Children with a retrognathic maxilla might be better suited for bone-anchored mini plates or reverse pull facemask therapy to address the malocclusion and underlying airway issues—as opposed to CPAP which would serve to accentuate the skeletal deficiency. Accordingly, youngsters presenting with transverse discrepancies of the maxilla and/or mandibular retrognathia may be candidates for expansion and advancement.

Indeed, certain patients with normative Class I occlusion can be managed with mandibular advancement devices at night, while waiting on growth and maturational changes of the airway and involution of the components in Waldeyer’s Ring to manifest themselves. To this end, it is the documented natural course of pediatric OSA, which reveals that 60% to 90% of children with OSA will not shoulder the disease in late adolescence.1,2

This suggests that just because we can expand the dental arches or bases does not mean that we always should. Certainly, patients with malocclusions should be treated accordingly. Too, patients with active obstructive disease with evidentiary neurocognitive deficit, metabolic disease, or incipient cardiovascular infirmity may benefit from orthodontic therapies, while waiting on growth to aid and abet the process.

Yet, it is increasingly evident (as evidenced in chat rooms, blogs, and listservs) that many dentists believe most children should be expanded to either treat pediatric OSA or stave OSA off. While cone beam computed tomography (CBCT) is affording us the opportunity to segment the airway to visualize the effects of growth, development, and possible treatment response, CBCT also reveals a consistent pattern: Many patients are experiencing orthodontic treatment that is positioning teeth outside the bony support of the denture base.
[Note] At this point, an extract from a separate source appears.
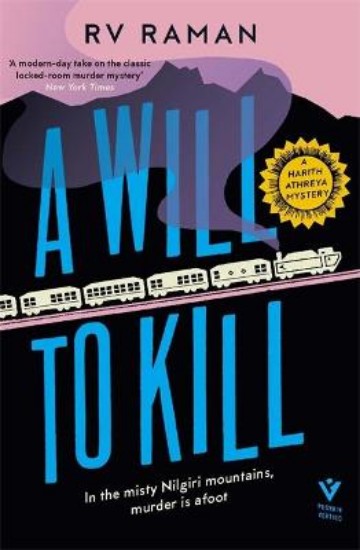 Picture of A Will to Kill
All dental clinicians have a responsibility to screen patients for OSA and, when therapy is indicated, to avail themselves to the tools and resources and evidence available to provide safe treatment. Expansion therapy without regard to bony support may only serve to undermine long-term periodontal health and potentially jeopardize future dental sleep medicine therapeutics.

Our long-term goals include a multidisciplinary sleep center under a single roof. As health care providers, if we are going to advance comprehensive sleep therapy in a meaningful way, we must provide resources and services under a single domain with testing, therapy, and billing bound together. Like the airway, sleep care should be dynamic in nature where pulmonologists, neurologists, behavioral medicine, and dentistry collaborate. Fellows and faculty should be at liberty to consult with one another in real or near real-time to enhance both the patient experience and the outcomes of the services we provide.

Mitchell R. Levine DMD, ABDSM, is associate professor and director of Dental Sleep Disorders at The University of Tennessee Health Science Center in Memphis.

Editor’s Note: The photos featured here were taken prior to the start of the COVID-19 global pandemic.

References

  1. Budhiraja R, Quan SF. Outcomes from the Tucson Children’s Assessment of Sleep Apnea Study. Sleep Med Clin. 2009 Mar 1; 4(1):9–18.
  2. Spilsbury JC, Storfer-Isser A, Rosen CL, Redline S. Remission and incidence of obstructive sleep apnea from middle childhood to late adolescence. Sleep. 2015 Jan 1;38(1):23-9.